Wou 3a faï2a, justement, en parlant de « sa » mère, elle est là la deuxième raison. Sansevieria Trifasciata est communément appelée, Langue de belle-mère. Et pour cause, les similitudes de caractère sont frappantes ! Sob7ann el khéli2. Les deux sont increvables, comme on vient de le voir. Un rien les alimente ! Elles sont toutes les deux bien pendantes. Et le comble, c’est qu’elles sont aussi toutes les deux envahissantes ! Jamais un nom de plante n’a été aussi bien choisi et aussi bien porté, n’est-ce pas ? Et évidemment, chacun y voit dans Sansevieria Trifasciata la mère de l’autre. Et du coup, tout le monde est ravi et la paix des ménages est préservée.

Revenons à nos serpents et que Dieu préserve nos moutons. Voici donc deux exemples de deux artistes, que tout sépare, notamment la géographie et le temps. Deux styles, l’un surchargé, l’autre épuré.
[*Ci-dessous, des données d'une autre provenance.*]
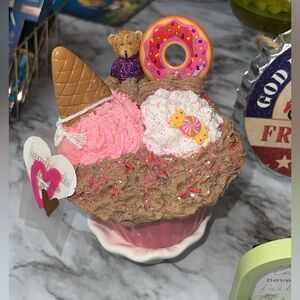 Whimsical Dessert-Themed Decor 
Cupcake fake bake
Deux pays aux antipodes, l’un sur la voie démocratique since 1776, l’autre sous la tyrannie des Assad since 1970. Deux destins et deux luttes mais au fond une même envie de crier sa révolte contre l’injustice qui frappe leur pays à travers l’art. Encore une magnifique illustration de l’adage populaire, et intemporelle, les paroles, et même les hommes, s’envolent, les écrits et les œuvres restent ! Ba2a bala 2art 7aké, au boulot les artistes en herbe.



PS1 : Les Dix Commandements selon Keith Haring (photo ci-dessus)

> Haut, de gauche à droite : Tu ne témoigneras pas faussement contre ton prochain (IX) - Honore ton père et ta mère (V) - Souviens-toi du jour du Seigneur pour le sanctifier (IV) - Tu ne convoiteras ni la femme, ni la maison, ni rien de ce qui est à ton prochain (X) - Tu n’auras pas d’autres dieux que moi (II)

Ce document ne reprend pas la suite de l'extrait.